SELECT ename FROM emp WHERE sal = (SELECT MAX(sal) FROM emp);
Output
ename
-------
 KING
(1 row)

Aggregates are also useful in combination with the GROUP BY clause. For example, the following query gets the highest salary in each department.

SELECT deptno, MAX(sal) FROM emp GROUP BY deptno;
Output
deptno |   max
--------+---------
     10 | 5000.00
     20 | 3000.00
     30 | 2850.00
(3 rows)

This query produces one output row per department. Each aggregate result is computed over the rows matching that department. These grouped rows can be filtered using the HAVING clause.

SELECT deptno, MAX(sal) FROM emp GROUP BY deptno HAVING AVG(sal) > 2000;
Output
deptno |   max
--------+---------
     10 | 5000.00
     20 | 3000.00
(2 rows)

This query gives the same results for only those departments that have an average salary greater than 2000.

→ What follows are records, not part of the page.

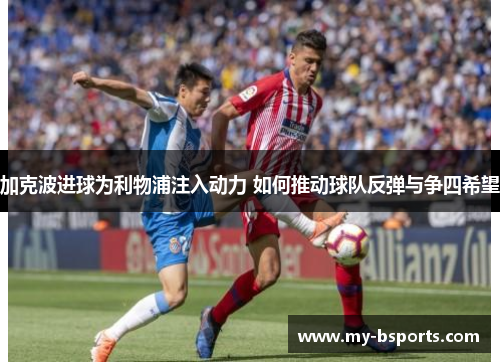 加克波进球为利物浦注入动力 如何推动球队反弹与争四希望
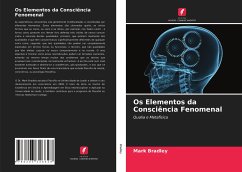 Os Elementos da Consciência Fenomenal - Bradley, Mark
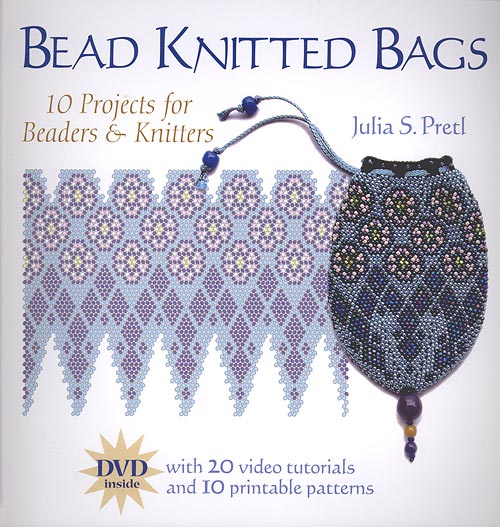 Bead Knitted Bags 10 Projects for Beaders Who Don't Knit (and Vice Versa) with Companion DVD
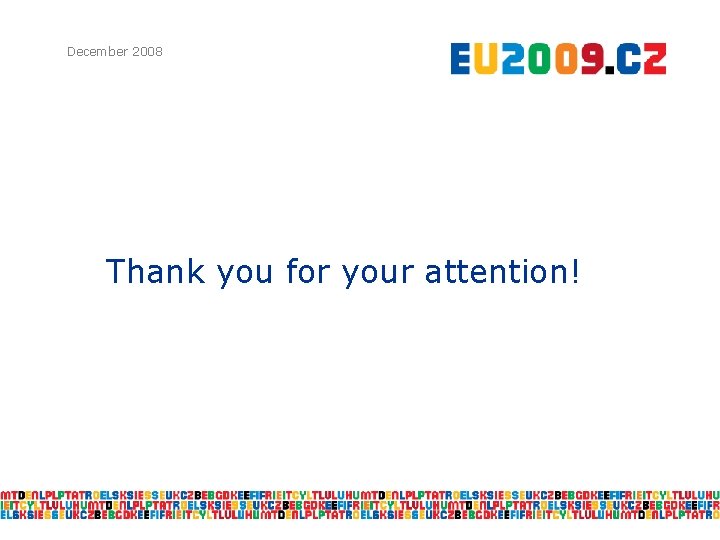 December 2008 Thank you for your attention! 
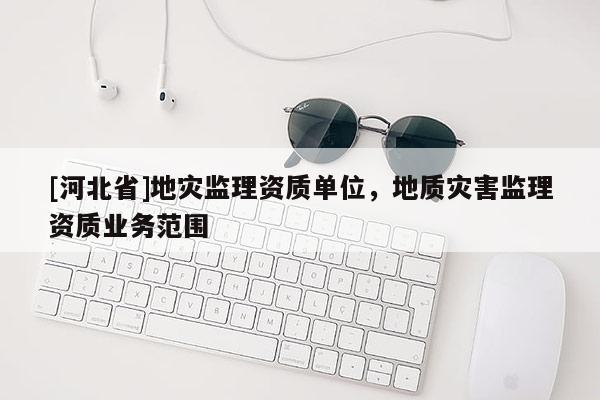 [河北省]地災監理資質單位，地質災害監理資質業務范圍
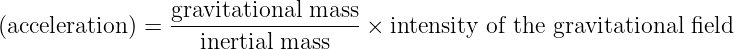 (acceleration) = gravitational-mass- × intensity of the gravitational field
                    inertial mass
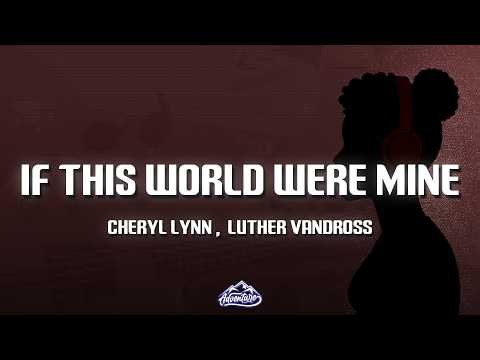 Cheryl Lynn, Luther Vandross - If This World Were Mine (Lyrics)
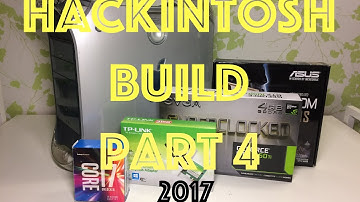 Hackintosh Build - Part 4 // Monster Build // 2017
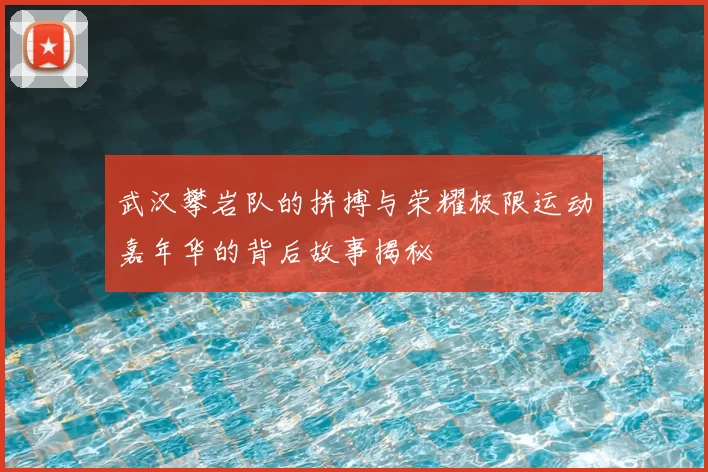 武汉攀岩队的拼搏与荣耀极限运动嘉年华的背后故事揭秘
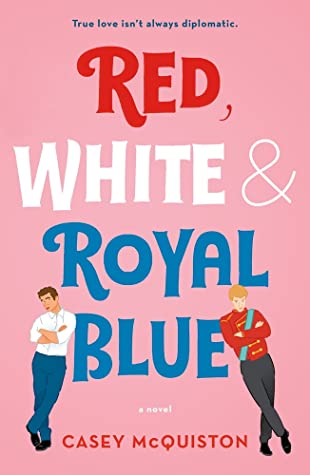 Red, White & Royal Blue a novel Review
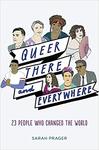 Queer, There, and Everywhere: 23 People Who Changed the World by Sarah Prager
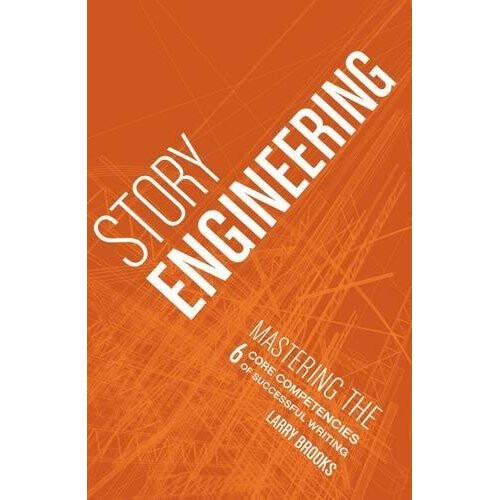 Story Engineering: Character Development, Story Concept, Scene Construction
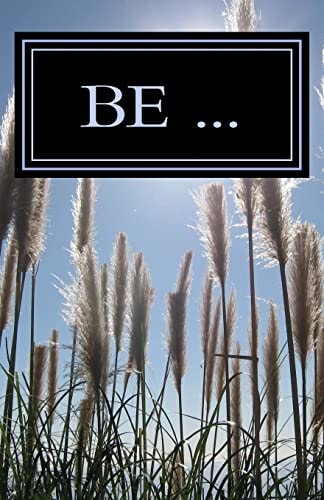 Be ...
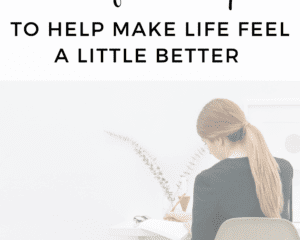 28 Powerful Prompts To Help Make Life Feel A Little Better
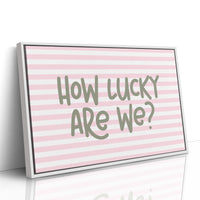 Lucky and Loud About It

Finally, the following query takes into account only the highest paid employees who are analysts in each department.

SELECT deptno, MAX(sal) FROM emp WHERE job = 'ANALYST' GROUP BY deptno HAVING AVG(sal) > 2000;
Output
deptno |   max
--------+---------
     20 | 3000.00
(1 row)

There's a subtle distinction between the WHERE and HAVING clauses. The WHERE clause filters out rows before grouping occurs and aggregate functions are applied. The HAVING clause applies filters on the results after rows are grouped and aggregate functions are computed for each group.

So, in the previous example, only employees who are analysts are considered. From this subset, the employees are grouped by department. Only those groups where the average salary of analysts in the group is greater than 2000 are in the final result. This is true only of the group for department 20, and the maximum analyst salary in department 20 is 3000.00.